Het tweede verschil is dat het in het onderwijs juist heel veel uitmaakt of je klas 3A hebt of klas 3B, of je een klas op maandag of vrijdag hebt, het 1e uur of het 7e uur. Of er net een proefwerk achter de rug is, of er net een ruzie is geweest, of je met tien snotverkouden, hoestende kinderen zit, of je in het scheikundelokaal bent geparkeerd, of je iets goed te maken hebt met die klas, of dat de klas morgen met excursie gaat. Ook hier helpt geen evidence-based protocol dat de didactiek voorschrijft, want in protocollen kan met al deze ‘bijzonderheden’, die in het onderwijs aan de orde van elke dag zijn, geen rekening worden gehouden.

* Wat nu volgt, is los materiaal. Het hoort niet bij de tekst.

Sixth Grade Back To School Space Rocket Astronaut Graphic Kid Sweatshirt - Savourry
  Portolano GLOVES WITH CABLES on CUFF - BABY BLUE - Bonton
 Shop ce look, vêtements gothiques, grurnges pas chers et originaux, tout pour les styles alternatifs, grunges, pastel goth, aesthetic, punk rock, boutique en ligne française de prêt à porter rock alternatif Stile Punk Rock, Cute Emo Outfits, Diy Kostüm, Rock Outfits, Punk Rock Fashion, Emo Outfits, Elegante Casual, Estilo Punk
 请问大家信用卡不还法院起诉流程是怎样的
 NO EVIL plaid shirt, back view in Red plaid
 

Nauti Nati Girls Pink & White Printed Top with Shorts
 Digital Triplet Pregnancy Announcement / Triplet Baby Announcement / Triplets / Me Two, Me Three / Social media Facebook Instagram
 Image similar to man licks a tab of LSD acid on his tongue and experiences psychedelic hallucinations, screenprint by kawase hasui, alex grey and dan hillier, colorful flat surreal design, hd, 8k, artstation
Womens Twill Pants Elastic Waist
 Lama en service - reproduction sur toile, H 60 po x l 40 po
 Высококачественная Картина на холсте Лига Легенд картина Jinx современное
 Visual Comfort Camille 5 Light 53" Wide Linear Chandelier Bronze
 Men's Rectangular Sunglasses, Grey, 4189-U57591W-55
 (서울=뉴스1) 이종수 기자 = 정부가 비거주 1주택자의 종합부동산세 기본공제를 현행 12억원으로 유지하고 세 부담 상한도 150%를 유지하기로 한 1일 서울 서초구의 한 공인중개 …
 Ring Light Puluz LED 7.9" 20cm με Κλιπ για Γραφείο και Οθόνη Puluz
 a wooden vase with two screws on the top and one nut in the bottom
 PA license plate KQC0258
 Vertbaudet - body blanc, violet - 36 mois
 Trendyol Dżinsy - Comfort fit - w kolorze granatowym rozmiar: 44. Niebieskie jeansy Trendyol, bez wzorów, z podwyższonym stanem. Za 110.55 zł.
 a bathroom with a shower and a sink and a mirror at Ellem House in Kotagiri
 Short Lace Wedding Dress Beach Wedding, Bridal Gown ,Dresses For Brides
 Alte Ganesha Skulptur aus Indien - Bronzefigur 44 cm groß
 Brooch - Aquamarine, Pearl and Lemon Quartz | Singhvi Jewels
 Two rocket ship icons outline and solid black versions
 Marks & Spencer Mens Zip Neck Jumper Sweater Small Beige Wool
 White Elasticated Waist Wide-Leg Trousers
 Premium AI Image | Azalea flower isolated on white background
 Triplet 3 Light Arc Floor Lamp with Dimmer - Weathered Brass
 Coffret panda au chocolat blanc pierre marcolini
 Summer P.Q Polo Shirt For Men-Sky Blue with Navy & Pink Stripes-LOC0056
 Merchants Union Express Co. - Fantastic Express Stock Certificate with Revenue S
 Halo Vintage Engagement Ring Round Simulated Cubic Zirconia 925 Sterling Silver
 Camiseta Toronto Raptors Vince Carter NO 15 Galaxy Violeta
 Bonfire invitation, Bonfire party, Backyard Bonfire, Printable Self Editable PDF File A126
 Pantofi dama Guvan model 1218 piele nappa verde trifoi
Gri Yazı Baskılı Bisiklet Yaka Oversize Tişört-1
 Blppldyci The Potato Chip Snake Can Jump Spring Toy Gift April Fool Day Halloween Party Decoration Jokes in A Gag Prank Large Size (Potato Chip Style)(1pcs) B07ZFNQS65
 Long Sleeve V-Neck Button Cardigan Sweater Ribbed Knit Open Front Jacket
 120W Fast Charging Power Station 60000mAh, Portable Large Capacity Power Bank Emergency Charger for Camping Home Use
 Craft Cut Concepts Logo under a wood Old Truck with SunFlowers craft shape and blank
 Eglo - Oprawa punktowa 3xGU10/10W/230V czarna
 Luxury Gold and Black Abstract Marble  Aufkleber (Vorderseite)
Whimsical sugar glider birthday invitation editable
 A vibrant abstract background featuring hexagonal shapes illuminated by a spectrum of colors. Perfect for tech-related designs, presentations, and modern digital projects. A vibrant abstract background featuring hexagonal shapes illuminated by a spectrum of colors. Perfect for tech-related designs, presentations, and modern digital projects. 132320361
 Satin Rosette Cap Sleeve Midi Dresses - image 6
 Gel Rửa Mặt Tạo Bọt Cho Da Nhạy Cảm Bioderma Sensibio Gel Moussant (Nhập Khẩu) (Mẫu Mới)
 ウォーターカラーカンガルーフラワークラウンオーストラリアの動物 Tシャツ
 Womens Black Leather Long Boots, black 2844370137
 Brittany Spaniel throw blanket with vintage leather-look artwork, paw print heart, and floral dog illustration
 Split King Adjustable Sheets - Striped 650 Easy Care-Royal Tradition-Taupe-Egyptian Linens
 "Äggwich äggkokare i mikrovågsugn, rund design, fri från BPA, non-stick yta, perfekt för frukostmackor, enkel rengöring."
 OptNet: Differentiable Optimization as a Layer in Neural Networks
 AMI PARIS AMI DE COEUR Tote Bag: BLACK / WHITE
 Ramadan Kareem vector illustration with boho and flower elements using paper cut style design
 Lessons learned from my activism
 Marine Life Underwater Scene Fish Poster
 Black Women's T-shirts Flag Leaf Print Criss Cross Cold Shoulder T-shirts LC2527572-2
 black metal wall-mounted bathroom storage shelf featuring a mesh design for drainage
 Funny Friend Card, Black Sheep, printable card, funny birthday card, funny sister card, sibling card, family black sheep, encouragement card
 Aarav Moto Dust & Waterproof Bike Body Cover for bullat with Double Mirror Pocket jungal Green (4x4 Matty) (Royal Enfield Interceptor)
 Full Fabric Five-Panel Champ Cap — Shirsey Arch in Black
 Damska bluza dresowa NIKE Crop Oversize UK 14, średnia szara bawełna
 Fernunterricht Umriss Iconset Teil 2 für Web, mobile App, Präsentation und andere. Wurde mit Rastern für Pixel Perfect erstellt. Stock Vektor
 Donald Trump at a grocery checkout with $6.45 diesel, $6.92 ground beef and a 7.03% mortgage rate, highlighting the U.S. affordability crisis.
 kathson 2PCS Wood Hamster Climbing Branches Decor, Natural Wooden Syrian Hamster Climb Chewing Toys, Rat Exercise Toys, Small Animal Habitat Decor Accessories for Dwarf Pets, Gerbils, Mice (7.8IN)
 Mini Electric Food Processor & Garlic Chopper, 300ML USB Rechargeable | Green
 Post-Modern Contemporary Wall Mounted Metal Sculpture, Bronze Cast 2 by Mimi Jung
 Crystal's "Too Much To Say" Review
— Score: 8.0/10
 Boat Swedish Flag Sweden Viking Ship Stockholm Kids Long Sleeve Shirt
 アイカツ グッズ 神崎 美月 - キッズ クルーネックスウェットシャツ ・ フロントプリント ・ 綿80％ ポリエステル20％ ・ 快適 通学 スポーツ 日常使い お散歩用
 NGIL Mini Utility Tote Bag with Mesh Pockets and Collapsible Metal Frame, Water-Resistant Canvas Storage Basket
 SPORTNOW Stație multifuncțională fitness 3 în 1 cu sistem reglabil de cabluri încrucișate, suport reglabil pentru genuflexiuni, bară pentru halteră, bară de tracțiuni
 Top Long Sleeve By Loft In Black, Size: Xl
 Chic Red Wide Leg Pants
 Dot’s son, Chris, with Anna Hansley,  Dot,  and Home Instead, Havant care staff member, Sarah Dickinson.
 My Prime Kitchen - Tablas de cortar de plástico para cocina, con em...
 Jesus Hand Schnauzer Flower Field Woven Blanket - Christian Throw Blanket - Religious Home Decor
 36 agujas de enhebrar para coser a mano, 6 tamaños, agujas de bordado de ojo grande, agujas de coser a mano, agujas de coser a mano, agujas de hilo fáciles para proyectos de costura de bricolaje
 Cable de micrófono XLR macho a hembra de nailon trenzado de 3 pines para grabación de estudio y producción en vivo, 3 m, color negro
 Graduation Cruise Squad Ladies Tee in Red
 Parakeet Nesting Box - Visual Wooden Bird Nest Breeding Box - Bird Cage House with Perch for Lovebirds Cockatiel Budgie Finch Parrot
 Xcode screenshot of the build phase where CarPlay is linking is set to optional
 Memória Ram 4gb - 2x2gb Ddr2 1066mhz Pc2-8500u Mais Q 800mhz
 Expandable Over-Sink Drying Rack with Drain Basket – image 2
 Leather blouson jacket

Geneeskunde en onderwijs zijn allebei mensenwerk. Maar toch verschillen ze: het menselijke, gevarieerde aspect – zowel van leraar als van leerling – en de daarmee samenhangende keuzes leggen in de effectiviteit van onderwijs feitelijk veel meer gewicht in de schaal dan in de geneeskunde. Omdat dat menselijke aspect vele vormen kent, vele gedaanten op hetzelfde moment in een klaslokaal, en ook nog eens wisselt over de momenten (humeur), is hier met een evidence-based protocol geen peil op te trekken. Het onderwijs is maar gedeeltelijk maakbaar of voorspelbaar, en de effectiviteit van de te maken keuzes *in elke individuele praktijk* en *voor een of meer gegeven lessen* is nauwelijks bewijsbaar. Dat betekent niet: helemaal niet. Maar aanzienlijk minder dan de evidence-based benadering ons wil doen geloven.

Leraren zijn geen uitvoerders van andermans ideeën

Het extern opleggen van dergelijke ‘bewezen vernieuwingen’ in het onderwijs is de goden verzoeken, de kinderen met badwater weggooien, en het grondig miskennen van de expertise van hen die het weten kunnen: de leraren. Alleen leraren zelf kunnen hun eigen plussen en minnen en die van hun leerlingen voldoende in ogenschouw nemen om verstandige beslissingen te nemen over ‘wat werkt’ op een gegeven moment, voor een gegeven doel. Dat wil niet zeggen dat elke beslissing van elke leraar altijd de best denkbare is – god, nee – maar hen die ruimte laten is wel de verstandigste route om te varen. De leraar hoort het primaat te hebben over de didactische beslissingen in zijn onderwijs. De leraar als bedenker, niet als uitvoerder. Voordeel daarvan is dat het beroep ook aantrekkelijk blijft voor de hooggeschoolde, intelligente, algemeen ontwikkelde mensen die we graag naar het onderwijs halen. Geen klein bier.

De keerzij daarvan is dat die relatief autonome docent ook verantwoording schuldig is, en wel aan de sectie- en schoolleider en indirect aan de ouders, over zijn keuzes m.b.t. zijn onderwijs. Hij is echter geen verantwoording schuldig aan de wetenschap of de overheid. Een leraar of een school die beroerd onderwijs geeft, moet zich niet kunnen verschuilen achter een gelezen artikel (over ‘begeleiden in plaats van lesgeven’) of een al te bemoeizuchtige minister (die ‘competentiegericht onderwijs’ verplicht stelt). Dat is de prijs van de hem/haar gegunde autonomie. En we zien in Finland hoe autonomie voor scholen en docenten tot uitstekende resultaten leidt, waarvan ook onderwijsonderzoekers alleen maar kunnen dromen.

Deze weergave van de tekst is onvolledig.